··· Dataset excerpts
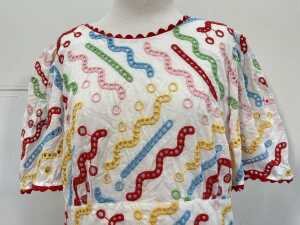 Gorman Dizzy Dangler Anglaise Dress in Multi, size 14 - 2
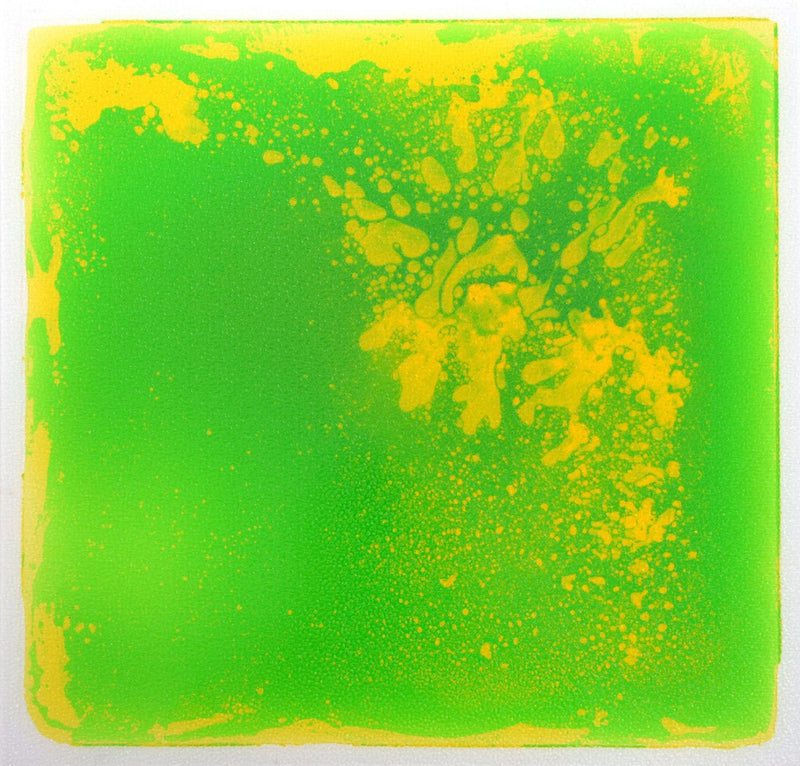 Large Liquid Filled Sensory Floor Tile - Single, Yellow / Green Learning SPACE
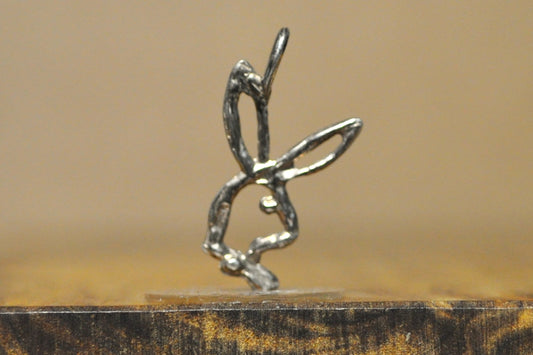 Silver Playboy Bunny Pendant - Tested Sterling Silver - Promiscuous Charm - Playboy Models Charm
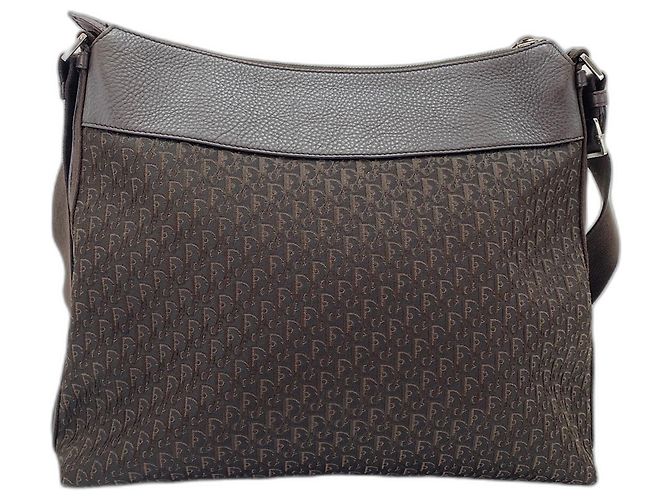 Borsa a tracolla Christian Dior Street Chic Marrone - vista 2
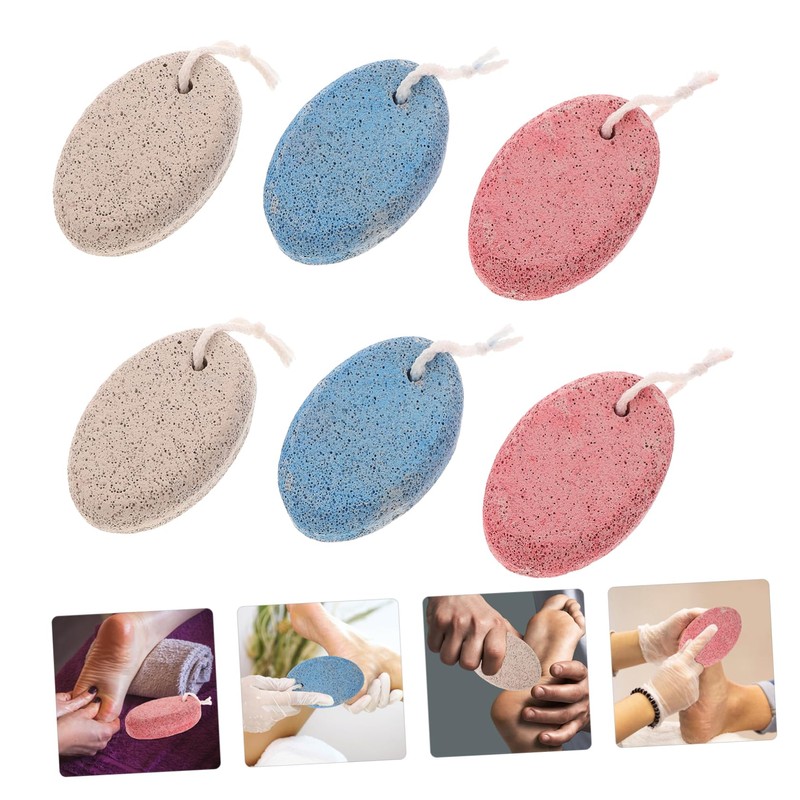 FOMIYES 6pcs Natural Pumice Stones for Foot Care Callus Remover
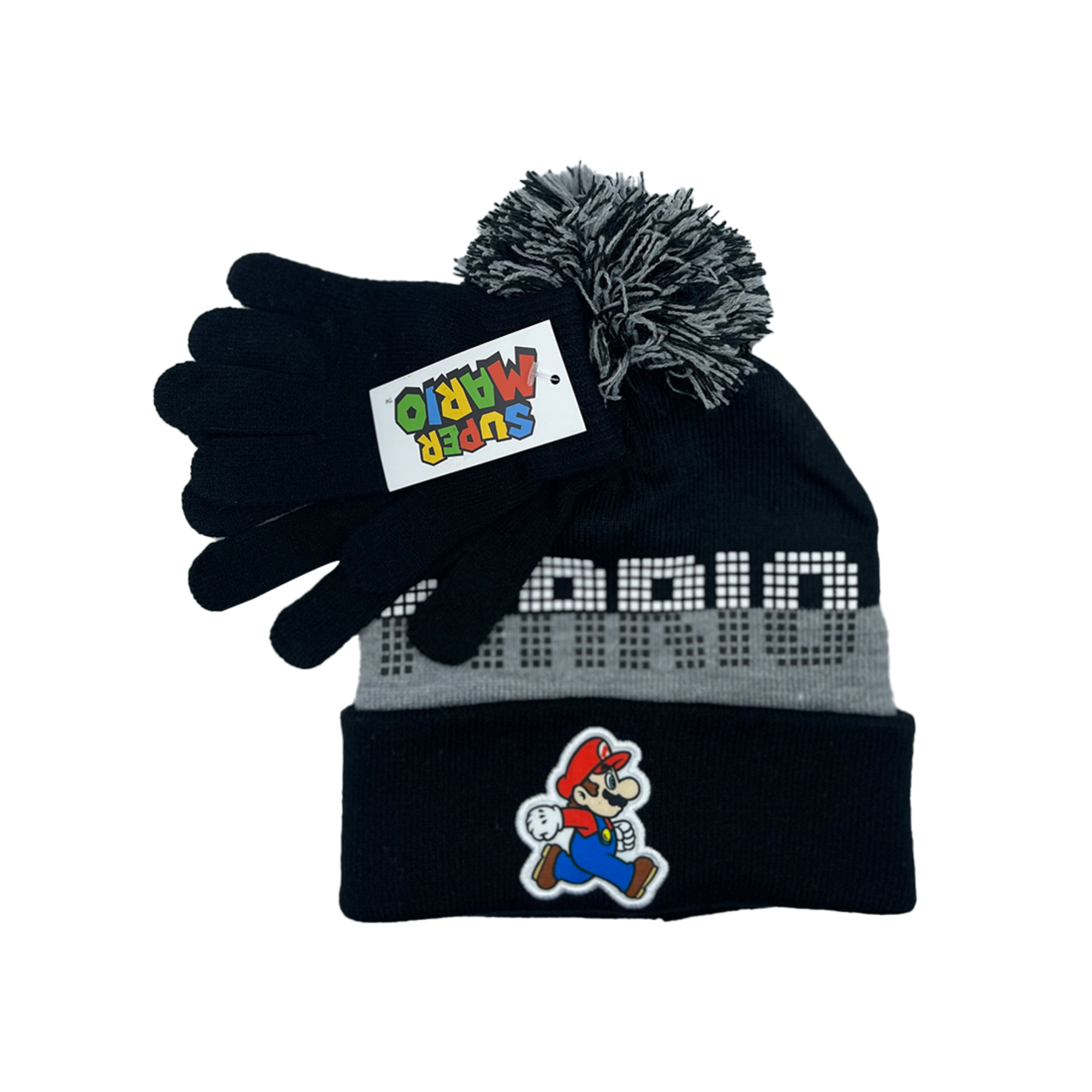 Beanie con guantes Super Mario Walking Pompón - Fan Army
······
→ **Exercise brief**
Print out the material word for word, omitting the pictures.

→ **Task response**
 Gorman Dizzy Dangler Anglaise Dress in Multi, size 14 - 2
 Large Liquid Filled Sensory Floor Tile - Single, Yellow / Green Learning SPACE
 Silver Playboy Bunny Pendant - Tested Sterling Silver - Promiscuous Charm - Playboy Models Charm
 Borsa a tracolla Christian Dior Street Chic Marrone - vista 2
 FOMIYES 6pcs Natural Pumice Stones for Foot Care Callus Remover
 Beanie con guantes Super Mario Walking Pompón - Fan Army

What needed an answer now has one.